DATA LISTING Start Marker
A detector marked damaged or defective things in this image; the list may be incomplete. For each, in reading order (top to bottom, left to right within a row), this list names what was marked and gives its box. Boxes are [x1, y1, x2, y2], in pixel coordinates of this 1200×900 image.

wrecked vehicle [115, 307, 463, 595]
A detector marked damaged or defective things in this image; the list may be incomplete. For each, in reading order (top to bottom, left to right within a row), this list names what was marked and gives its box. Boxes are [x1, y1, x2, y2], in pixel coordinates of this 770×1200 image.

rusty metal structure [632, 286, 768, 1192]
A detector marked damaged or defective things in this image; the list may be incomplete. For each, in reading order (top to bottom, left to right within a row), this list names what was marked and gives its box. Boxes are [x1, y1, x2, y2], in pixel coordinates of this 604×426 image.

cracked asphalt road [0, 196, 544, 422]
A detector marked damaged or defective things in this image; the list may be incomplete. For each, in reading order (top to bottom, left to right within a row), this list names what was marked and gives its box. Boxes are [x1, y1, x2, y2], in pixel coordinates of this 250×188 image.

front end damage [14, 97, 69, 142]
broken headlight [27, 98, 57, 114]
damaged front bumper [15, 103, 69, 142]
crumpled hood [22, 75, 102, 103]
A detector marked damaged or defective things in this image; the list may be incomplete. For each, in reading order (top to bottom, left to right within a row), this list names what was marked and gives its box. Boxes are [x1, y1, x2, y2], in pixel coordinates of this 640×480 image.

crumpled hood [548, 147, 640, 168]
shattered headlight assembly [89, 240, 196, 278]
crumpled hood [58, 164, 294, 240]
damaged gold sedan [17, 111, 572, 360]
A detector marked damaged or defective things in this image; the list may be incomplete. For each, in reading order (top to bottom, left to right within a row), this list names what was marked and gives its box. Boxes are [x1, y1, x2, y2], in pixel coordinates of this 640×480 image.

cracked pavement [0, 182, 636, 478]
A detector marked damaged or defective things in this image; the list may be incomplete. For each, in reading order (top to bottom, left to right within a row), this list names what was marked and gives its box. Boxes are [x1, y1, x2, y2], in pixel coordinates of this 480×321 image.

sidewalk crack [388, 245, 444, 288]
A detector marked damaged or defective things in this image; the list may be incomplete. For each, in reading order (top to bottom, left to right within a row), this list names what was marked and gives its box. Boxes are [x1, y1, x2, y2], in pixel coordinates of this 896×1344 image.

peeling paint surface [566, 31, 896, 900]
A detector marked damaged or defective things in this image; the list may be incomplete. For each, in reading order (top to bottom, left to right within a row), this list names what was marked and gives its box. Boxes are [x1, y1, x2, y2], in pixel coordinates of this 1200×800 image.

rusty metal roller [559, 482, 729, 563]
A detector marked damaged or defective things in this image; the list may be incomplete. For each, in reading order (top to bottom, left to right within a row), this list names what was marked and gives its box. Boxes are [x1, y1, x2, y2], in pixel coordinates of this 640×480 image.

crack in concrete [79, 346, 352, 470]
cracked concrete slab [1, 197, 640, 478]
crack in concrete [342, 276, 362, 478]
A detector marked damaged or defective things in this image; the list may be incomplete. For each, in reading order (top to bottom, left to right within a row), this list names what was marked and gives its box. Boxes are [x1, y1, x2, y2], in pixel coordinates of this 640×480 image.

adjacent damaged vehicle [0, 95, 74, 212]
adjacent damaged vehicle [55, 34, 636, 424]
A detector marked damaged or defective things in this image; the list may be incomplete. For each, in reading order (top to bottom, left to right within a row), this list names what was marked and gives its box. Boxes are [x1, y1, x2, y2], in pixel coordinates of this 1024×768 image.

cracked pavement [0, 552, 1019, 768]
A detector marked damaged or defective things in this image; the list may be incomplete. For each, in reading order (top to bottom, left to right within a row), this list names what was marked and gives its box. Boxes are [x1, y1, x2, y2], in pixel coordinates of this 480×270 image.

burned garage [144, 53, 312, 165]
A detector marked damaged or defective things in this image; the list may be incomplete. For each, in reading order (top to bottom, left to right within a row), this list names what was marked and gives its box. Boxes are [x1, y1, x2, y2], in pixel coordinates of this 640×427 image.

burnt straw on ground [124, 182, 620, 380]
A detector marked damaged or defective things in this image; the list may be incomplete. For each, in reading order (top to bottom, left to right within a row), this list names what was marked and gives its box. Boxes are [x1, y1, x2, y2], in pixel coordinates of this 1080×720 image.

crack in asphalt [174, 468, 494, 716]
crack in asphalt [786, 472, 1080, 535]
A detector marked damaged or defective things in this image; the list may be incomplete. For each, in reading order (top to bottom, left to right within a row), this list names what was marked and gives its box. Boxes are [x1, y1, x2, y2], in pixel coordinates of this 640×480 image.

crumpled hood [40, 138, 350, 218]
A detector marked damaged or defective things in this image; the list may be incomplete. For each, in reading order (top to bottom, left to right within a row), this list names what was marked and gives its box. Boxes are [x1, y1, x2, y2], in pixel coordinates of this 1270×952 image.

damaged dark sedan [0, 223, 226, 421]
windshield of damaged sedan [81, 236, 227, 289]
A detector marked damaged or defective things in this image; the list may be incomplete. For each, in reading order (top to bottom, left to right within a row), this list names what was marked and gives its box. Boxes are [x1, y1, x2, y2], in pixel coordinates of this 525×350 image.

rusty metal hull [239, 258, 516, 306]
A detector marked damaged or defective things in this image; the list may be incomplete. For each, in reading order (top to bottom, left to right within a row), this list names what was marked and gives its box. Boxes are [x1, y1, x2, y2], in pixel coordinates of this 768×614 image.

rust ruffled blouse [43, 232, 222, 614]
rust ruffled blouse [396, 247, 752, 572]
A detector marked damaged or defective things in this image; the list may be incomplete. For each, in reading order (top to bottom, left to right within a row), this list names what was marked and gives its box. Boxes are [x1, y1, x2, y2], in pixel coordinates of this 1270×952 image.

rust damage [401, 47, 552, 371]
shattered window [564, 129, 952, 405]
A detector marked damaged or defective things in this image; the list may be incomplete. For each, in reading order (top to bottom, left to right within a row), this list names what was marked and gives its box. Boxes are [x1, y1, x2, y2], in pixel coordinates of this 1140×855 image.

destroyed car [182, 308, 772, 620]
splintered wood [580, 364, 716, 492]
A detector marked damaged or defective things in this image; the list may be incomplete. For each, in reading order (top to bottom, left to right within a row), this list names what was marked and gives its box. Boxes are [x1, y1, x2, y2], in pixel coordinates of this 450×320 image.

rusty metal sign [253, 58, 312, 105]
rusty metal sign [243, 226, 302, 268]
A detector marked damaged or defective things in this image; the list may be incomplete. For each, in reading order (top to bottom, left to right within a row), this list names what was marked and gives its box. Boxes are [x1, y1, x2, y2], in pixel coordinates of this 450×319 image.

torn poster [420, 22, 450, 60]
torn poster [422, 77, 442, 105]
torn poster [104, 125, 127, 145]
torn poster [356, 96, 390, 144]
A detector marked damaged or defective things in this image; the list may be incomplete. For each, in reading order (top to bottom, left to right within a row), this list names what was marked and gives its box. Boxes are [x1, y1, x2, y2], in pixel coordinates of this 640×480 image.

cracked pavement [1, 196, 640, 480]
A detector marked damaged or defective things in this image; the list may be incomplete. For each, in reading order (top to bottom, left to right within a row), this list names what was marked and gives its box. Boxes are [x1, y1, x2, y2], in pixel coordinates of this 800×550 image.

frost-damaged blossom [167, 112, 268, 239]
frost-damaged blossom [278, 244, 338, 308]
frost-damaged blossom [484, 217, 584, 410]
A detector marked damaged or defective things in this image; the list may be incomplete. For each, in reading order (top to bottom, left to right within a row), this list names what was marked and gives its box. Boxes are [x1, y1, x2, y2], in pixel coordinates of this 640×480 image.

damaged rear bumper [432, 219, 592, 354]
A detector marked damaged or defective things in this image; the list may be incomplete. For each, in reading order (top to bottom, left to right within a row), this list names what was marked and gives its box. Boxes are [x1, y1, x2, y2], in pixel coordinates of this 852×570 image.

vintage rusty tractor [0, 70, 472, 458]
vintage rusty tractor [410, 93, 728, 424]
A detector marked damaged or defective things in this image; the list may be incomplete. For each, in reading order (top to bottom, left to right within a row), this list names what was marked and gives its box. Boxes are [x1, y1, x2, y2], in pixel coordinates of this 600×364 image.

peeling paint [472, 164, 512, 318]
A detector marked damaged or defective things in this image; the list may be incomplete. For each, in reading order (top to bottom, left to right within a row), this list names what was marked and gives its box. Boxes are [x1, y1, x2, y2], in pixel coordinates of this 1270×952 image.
DATA LISTING End Marker
Only the lines from the one containing "this 600×364 image." through the end of the material should be copied, exactly as they stand; please keep both ends.

◆ **OUTPUT FOR THIS EXERCISE**:
A detector marked damaged or defective things in this image; the list may be incomplete. For each, in reading order (top to bottom, left to right within a row), this list names what was marked and gives its box. Boxes are [x1, y1, x2, y2], in pixel coordinates of this 600×364 image.

peeling paint [472, 164, 512, 318]
A detector marked damaged or defective things in this image; the list may be incomplete. For each, in reading order (top to bottom, left to right within a row), this list names what was marked and gives its box. Boxes are [x1, y1, x2, y2], in pixel coordinates of this 1270×952 image.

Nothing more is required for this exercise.